[Image-text web data]
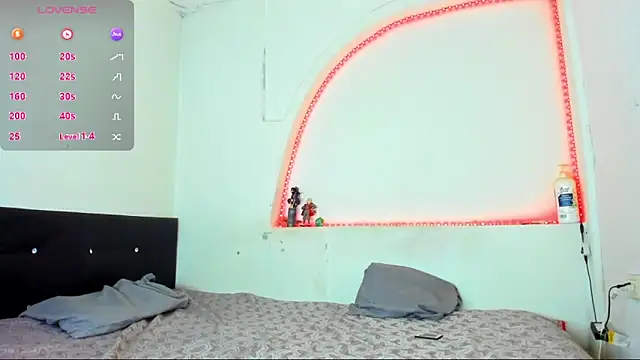 liammendoza98 online show from 2, 6, 2026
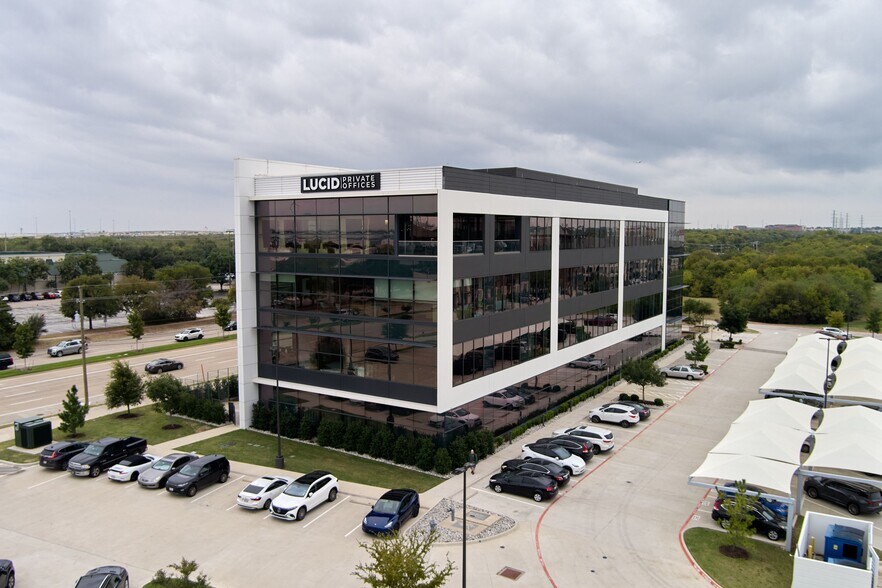 1785 State Highway 26, Grapevine, TX à louer - Photo principale – Image 1 sur 24
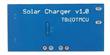 Cargador Bateria Lipo Uso Panel Solar Cn3065 Arduino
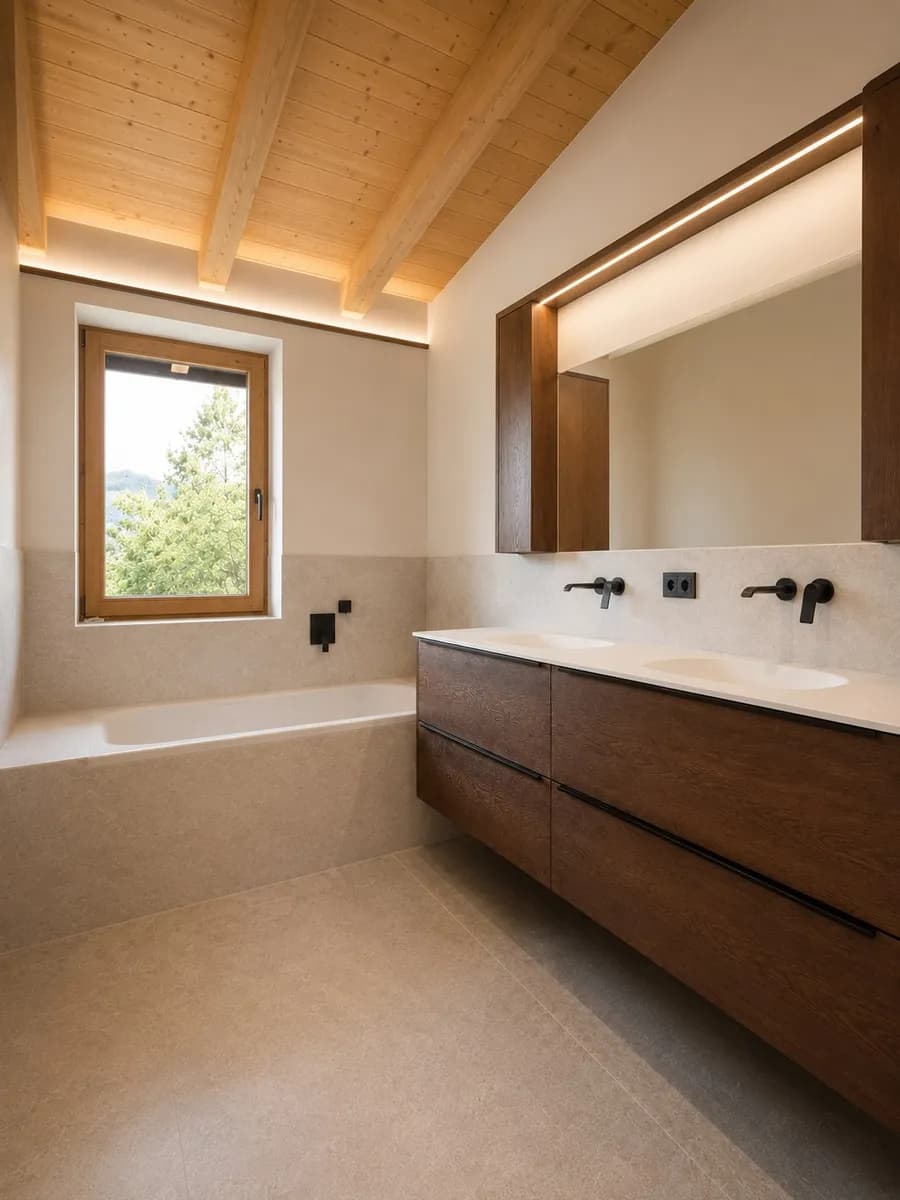 4-Zimmer-Wohnung kaufen in Kitzbühel – 167 m² – Bild 5 von 11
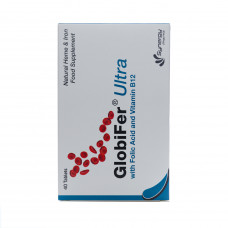Globifer Ultra Tablets 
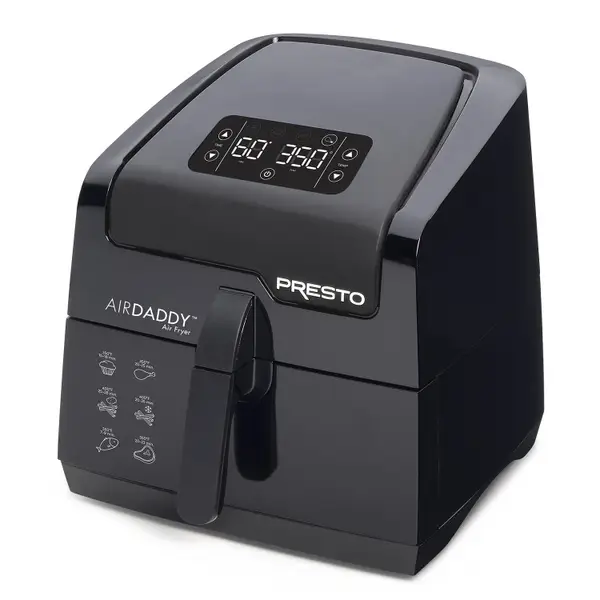 Presto Digital Air Daddy Air Fryer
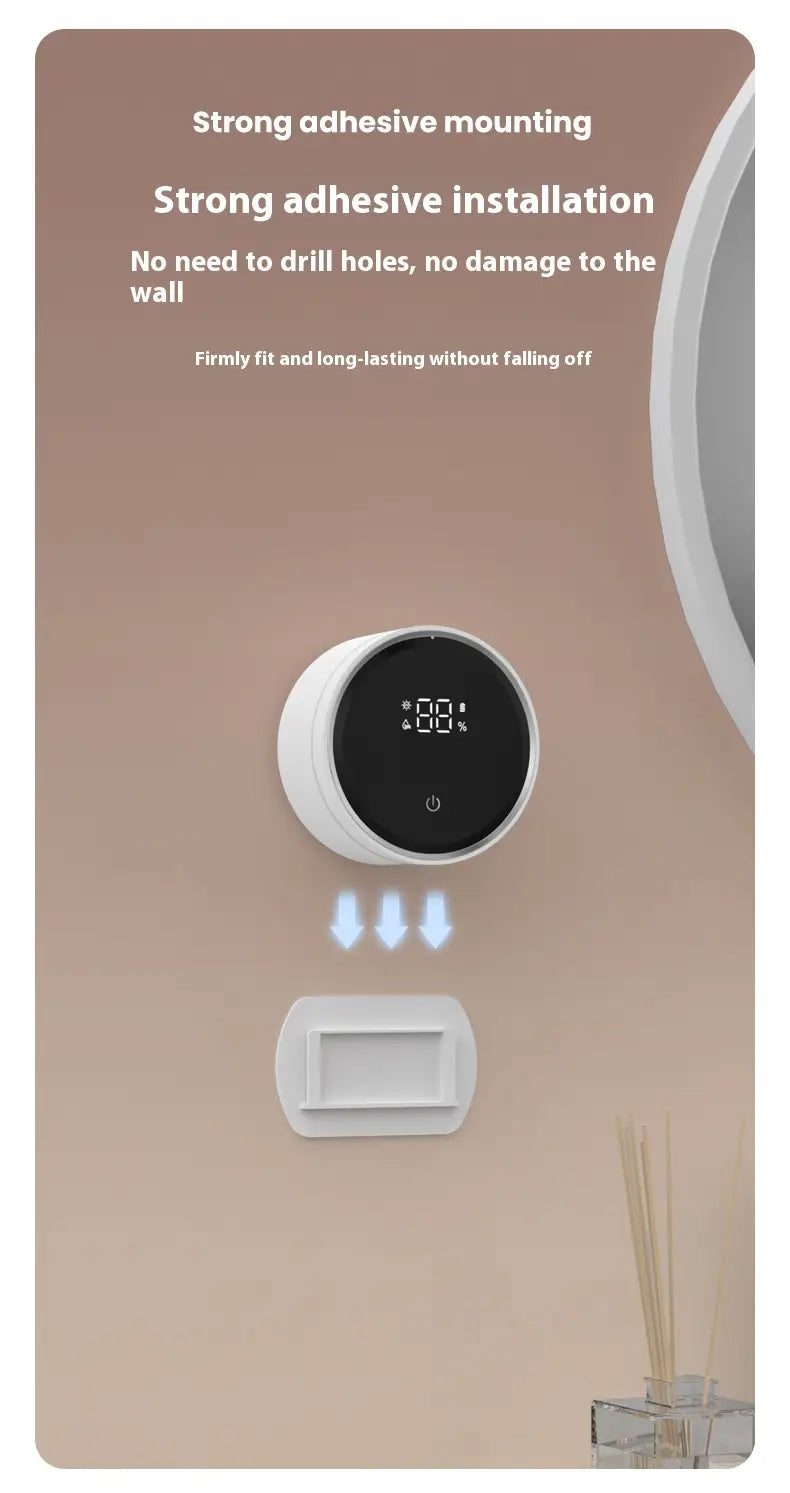 STERILIZZATORE DI SPAZZOLINO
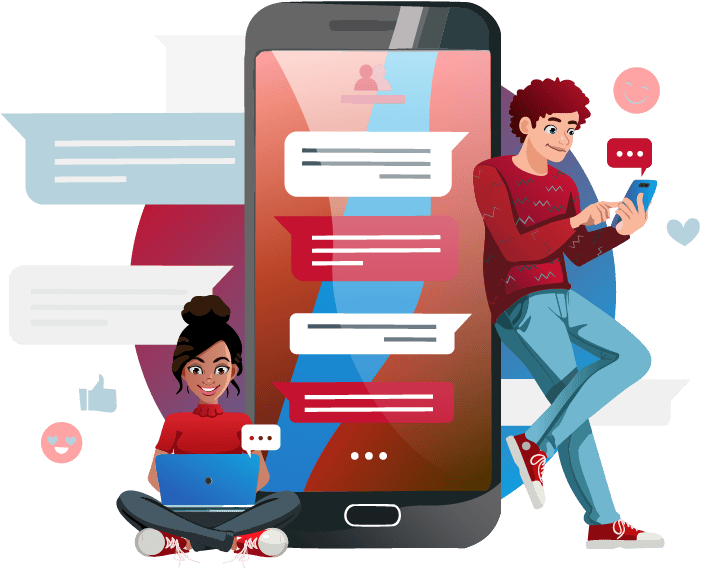 Texting On Salesforce Made Easy-1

**Exercise details**:
A word-for-word copy of all the records above is required, with the pictures left out.

**Answer for this exercise**:
 liammendoza98 online show from 2, 6, 2026
 1785 State Highway 26, Grapevine, TX à louer - Photo principale – Image 1 sur 24
 Cargador Bateria Lipo Uso Panel Solar Cn3065 Arduino
 4-Zimmer-Wohnung kaufen in Kitzbühel – 167 m² – Bild 5 von 11
Globifer Ultra Tablets 
 Presto Digital Air Daddy Air Fryer
 STERILIZZATORE DI SPAZZOLINO
 Texting On Salesforce Made Easy-1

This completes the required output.